Cela n'a absolument rien à voir. Ce que je tente de faire avec le personnage de Bachir, du petit, c'est de montrer comment après l'Indépen-dance, on va essayer de lui dire la vérité - ou non - sur ses origines. L'enfant, quand on le voit, il parait «gawri». Le but est de savoir aussi comment va t-il se positionner dans la société algérienne. L'enfant aura quatre ans et demi au départ et le film se termine quand il aura 28 ans. C'est une fresque.
Vous n'êtes pas blond aux yeux bleus, mais vous parliez tout à l'heure de problème d'identité... vous êtes aussi issu de deux cultures. Peut-on dire qu'il y a un trait de similitude ou un petit parallèle à faire?

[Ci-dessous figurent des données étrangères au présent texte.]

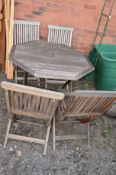 A TEAK GARDEN TABLE and four folding chairs (5)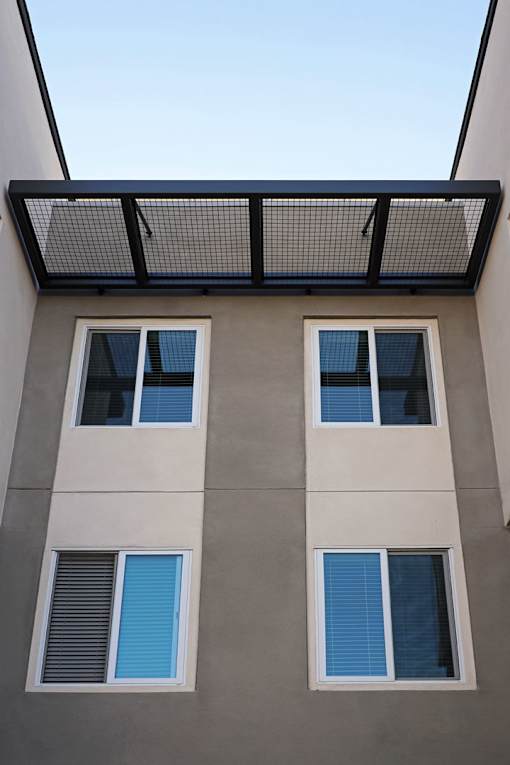 A building with a flat roof and three windows.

Oui bien sûr. Après, l'histoire de Bachir n'est pas la mienne. Mais bien sûr dans son histoire j'explore un peu tout ce qui est mon identité puisque effectivement je suis de double culture. Mais la mienne est beaucoup plus assumée. Je n'en souffre pas. Mais j'ai dû composer avec, que ce soit en Algérie ou aujourd'hui en France, d'une manière différente. Maintenant que je vis en France, il y a des gens qui essayent de m'expliquer comment les Algériens sont, alors que j'ai grandi ici et j'ai une partie complètement algérienne. Là-bas, je suis aussi Français car j'ai une partie de ma famille qui est française. Je suis toujours considéré d'un côté comme de l'autre comme l'homme de là-bas. Aujourd'hui, j'ai 40 ans. Je vis avec et cela ne me pose aucun problème mais je l'explore. Je me pose des questions. Ce film s'adresse aux deux côtés de la Méditerranée. C'est quoi un Algérien pure souche? C'est quoi une identité algérienne? Je défis quiconque de me répondre. Il y a en a qui vont me répondre en disant que c'est une identité arabo- musulmane. C'est faux. Y en a qui vont dire berbéro-musulmane, c'est faux. C'est tout ça. C'est un savant mélange de tout ce qu'a traversé cette terre depuis des siècles. Intellectuellement et presque politiquement j'appartiens à la mouvance qui pense qu'il faut assumer toute cette diversité et en faire sortir une identité algérienne qui viendrait bien sûr, des influences diverses mais qui arrive à faire éclore une identité totalement algérienne, maghrébine, méditerranéenne, africaine même.
Le film est produit par qui?
Produit par les mêmes que pour mon précédent film. C'est une coproduction franco-algérienne. La même configuration pour Mascarades.. Laith média du côté algérien et Dharamsala côté français.